AS we have already seen, during the course of this work, St. Patrick had organised, from the beginning, a kind of itinerant or peripatetic school for the instruction of young clerics, destined for the ministry of the Irish Church. With far-seeing wisdom, he perceived that if his work in Hiberio was to endure, he should make provision for the training up of a native ministry, who would be qualified to continue and perfect the work of his own apostolate in Ireland. When the Saint came to Ireland in 432 he took along with him a large number (multitudo) of holy bishops, and priests, and deacons, and exorcists, and door-keepers, and readers, and youths also whom he had ordained—that is destined for the service of the Church, by having them, at least, duly tonsured.

The bishops and priests, as we know, he placed over various churches in Meath and Connaught during the nine years that he was preaching in those wide territories. Meantime, the school of ‘youths,’ whom he had brought with him to Ireland from Gaul and Britain, accompanied the Apostle on his missionary journeys, and received in that way an excellent training for the ministry. They became familiar with the Irish tongue; they were present at the catechetical instructions given by the Saint, or his assistant priests and prelates; they took a share, according to their respective orders, in public worship and the administration of the Sacraments; they were taught to read and chant the Divine Office with the clergy; and in this way they received an excellent practical training for the work of the ministry.

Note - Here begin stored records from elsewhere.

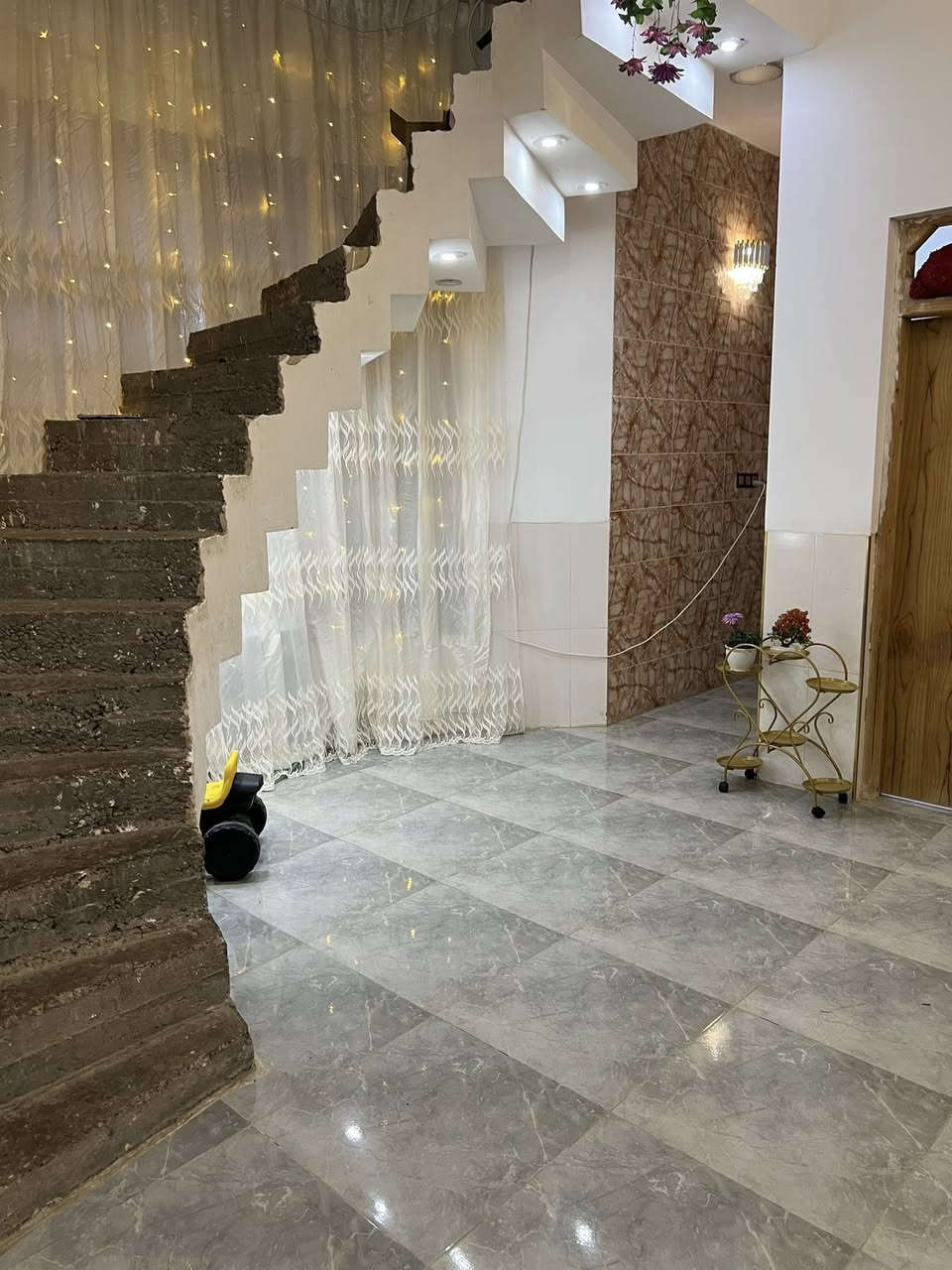 بيت المساحه 160 متر طابو زراعي حي جبيل قرب الجسر الثالث وقريب من شارع 40 الترابي       السعر 60 وبي مجال التواصل ***********
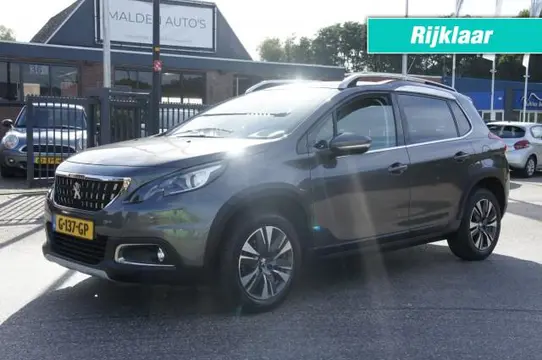 PEUGEOT 2008 1.2 PURETECH ALLURE NAVI/PANO/APPLECARPLAY-ANDROIDAUTO/LEDER/CRUISE/CAM/PDC PERFECTE STAAT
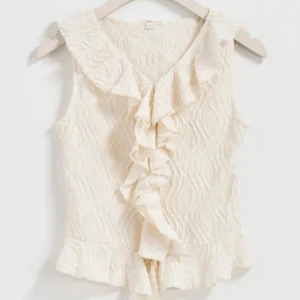 Volangtopp - Säljer denna beiga fina volangtopp ifrån Gina Young. Då den tyvärr inte kommer till användning, den är endast testad. Den är i storlek 158/164, men skulle säga att den passar till en Xs. 💕💕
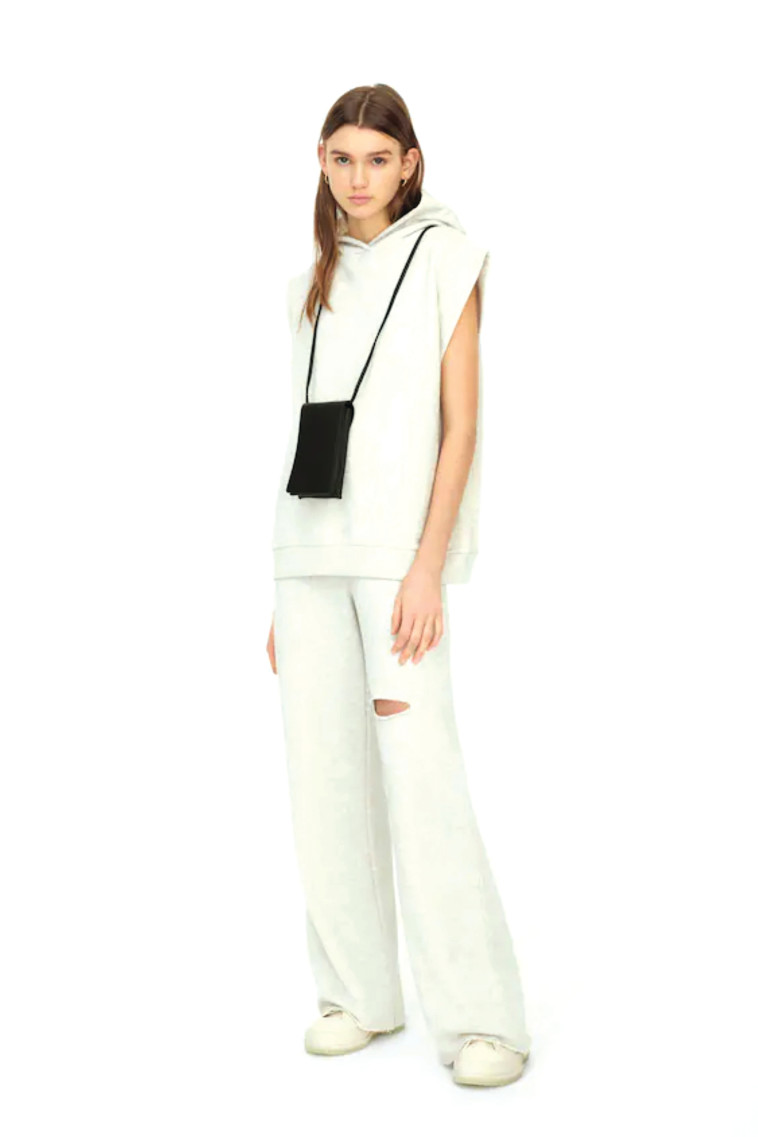 PULL AND BEAR תיק 65.9 שקלים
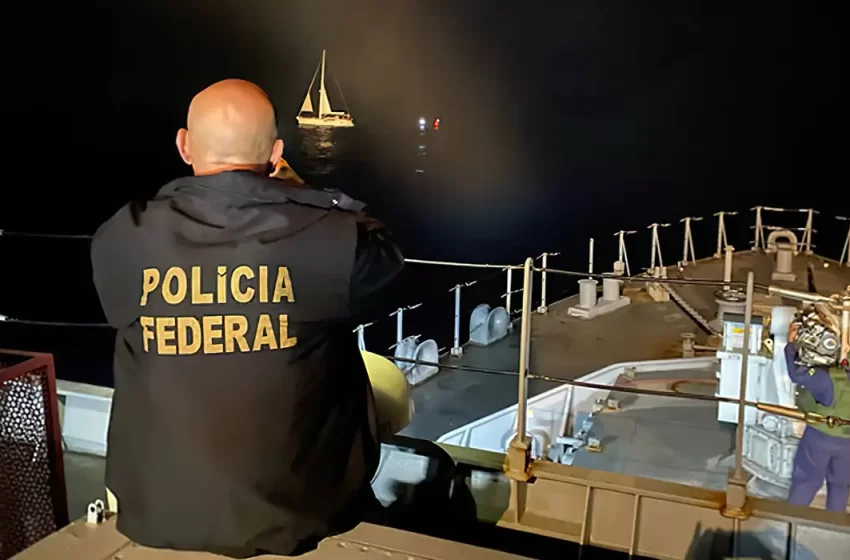  PF e Marinha apreendem veleiro com mais de 2 toneladas de droga em Salvador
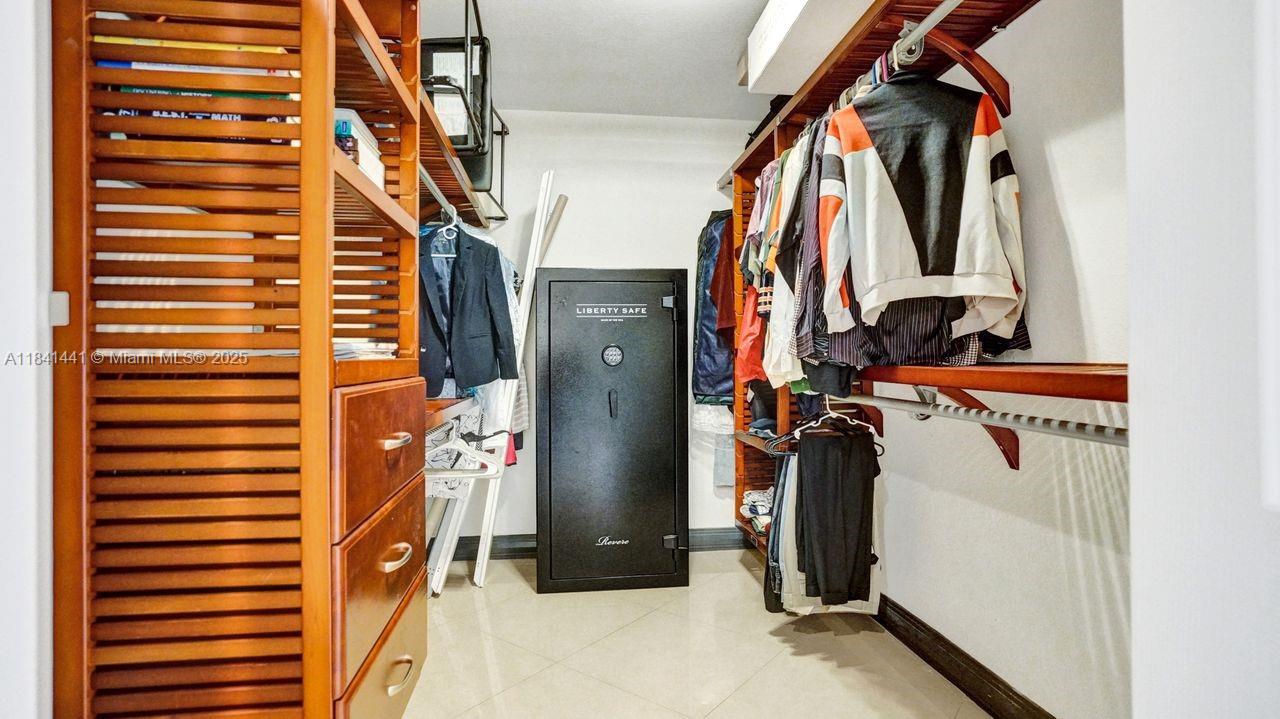 FLAMINGO GROVES - Residential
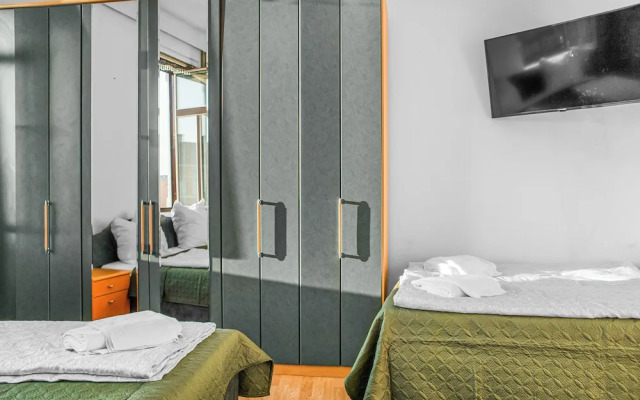 Shared 2BR Residence by Millennium Tower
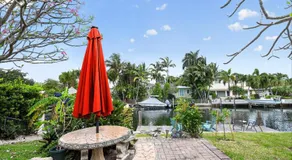 Waterfront Oasis on Intracoastal with Pool - Just Renovated - Image 5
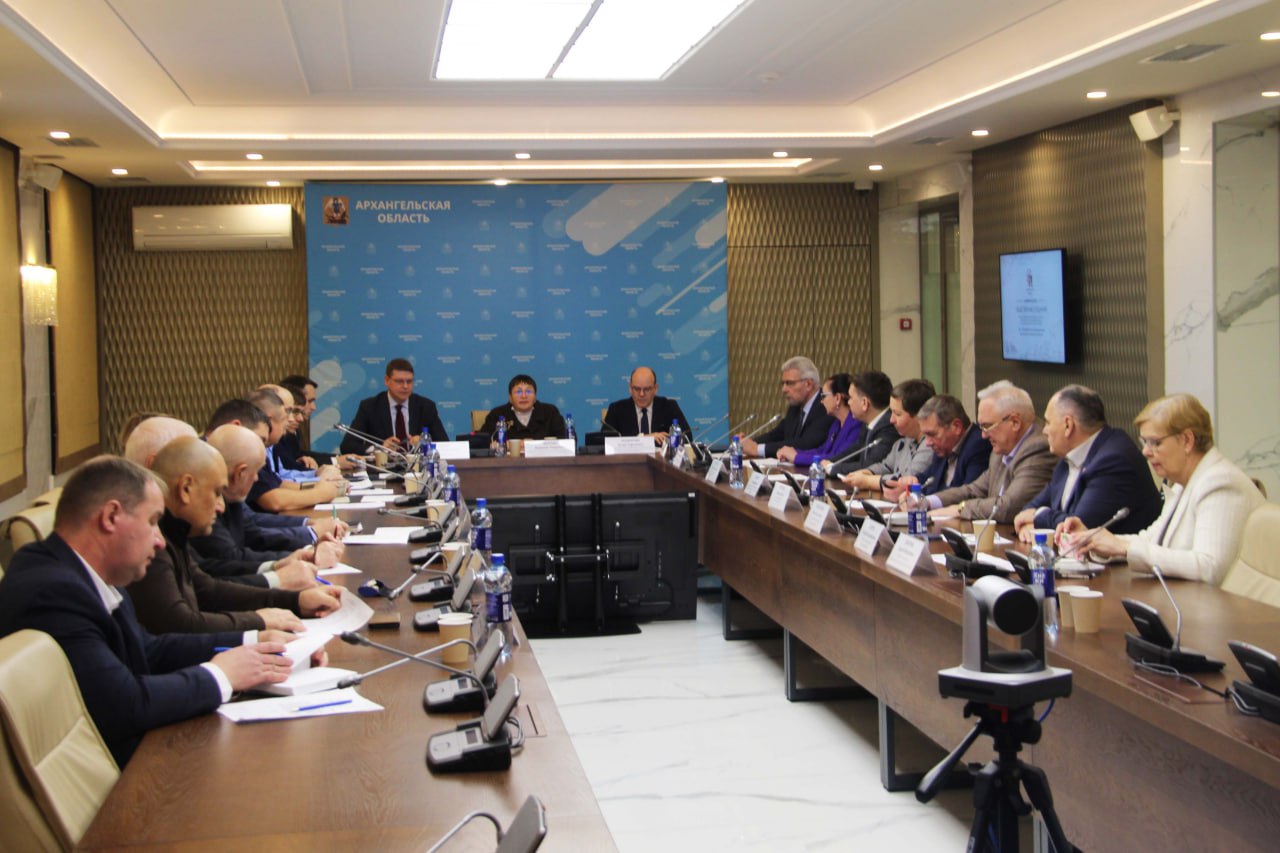 В правительстве региона состоялись общественные слушания «Об эффективности антикоррупционных мероприятий в Архангельской области», организованные региональной Общественной палатой В правительстве региона состоялись общественные слушания «Об эффективности антикоррупционных мероприятий в Архангельской области», организованные региональной Общественной палатой
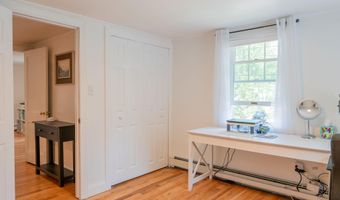 32 Pleasant Hill Rd, Falmouth, ME 04105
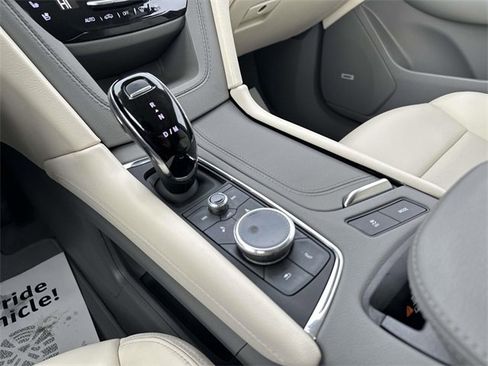 Certified 2023 Cadillac XT6 Premium Luxury image 55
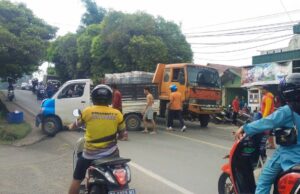 Diduga Rem Blong, Truk Fuso Tabrak Dua Kendaraan di Oprit Jembatan Banua Lima Amuntai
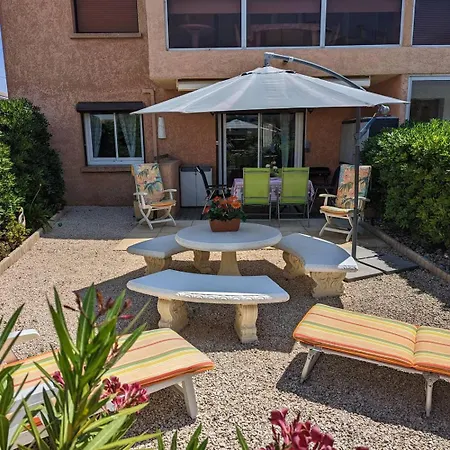 En Rez De Jardin, 2 Chambres, Plage Et Commerces A 5 Minutes A Pied Six-Fours-les-Plages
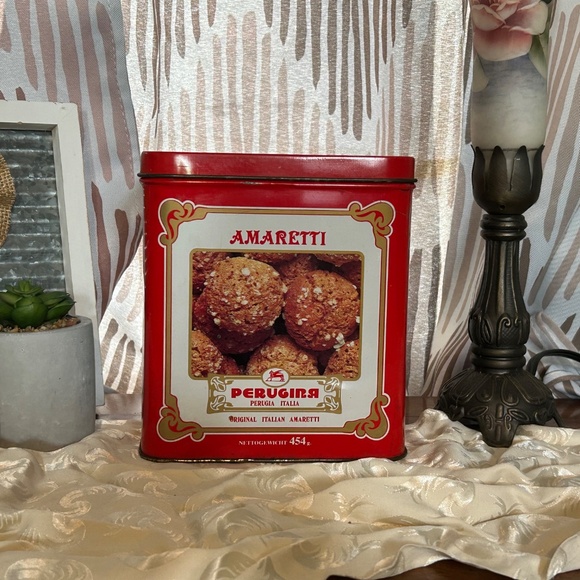 Vintage Perugina Tin For Amaretti Cookies Made In Italy - Picture 4 of 8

But from the beginning Patrick resolved to recruit this school with pupils of Irish birth. Benignus, from the banks of the Boyne, was one of the first to join it. Later on Guasacht, son of Milcho, Ailbe of Shancoe, Bron, MacRime, Fiacc of Sletty, and a host of other Irish boys were admitted to this itinerant school of Patrick, and trained in the way we have indicated above. They were excellent candidates for the ministry. Many of them belonged to the schools of the Bards or Brehons, and had not only a thorough knowledge of their own tongue, but had highly trained memories, and without doubt, were skilled in the use of letters and well able to read and write in the native fashion. Admission to this school soon became an object of ambition for the sons of the petty chieftains, for their parents and themselves soon perceived that to be head of a tribal church was not only desirable from a spiritual, but also from a temporal point of view.

The greatest difficulty found in practice was to provide books for the students of this school. The supply originally given to Patrick by St. Celestine, as old authors say, was soon exhausted; and then Patrick was forced—either himself or his attendant prelates—to write ‘alphabets’ for his pupils. The ‘alphabet’ was simply a catechism, or compendium of Christian doctrine, which was given to the young cleric to get by rote, and was of course, duly expounded for him by the teachers of the school, so that in a short time he became qualified to teach others all that he had learned himself.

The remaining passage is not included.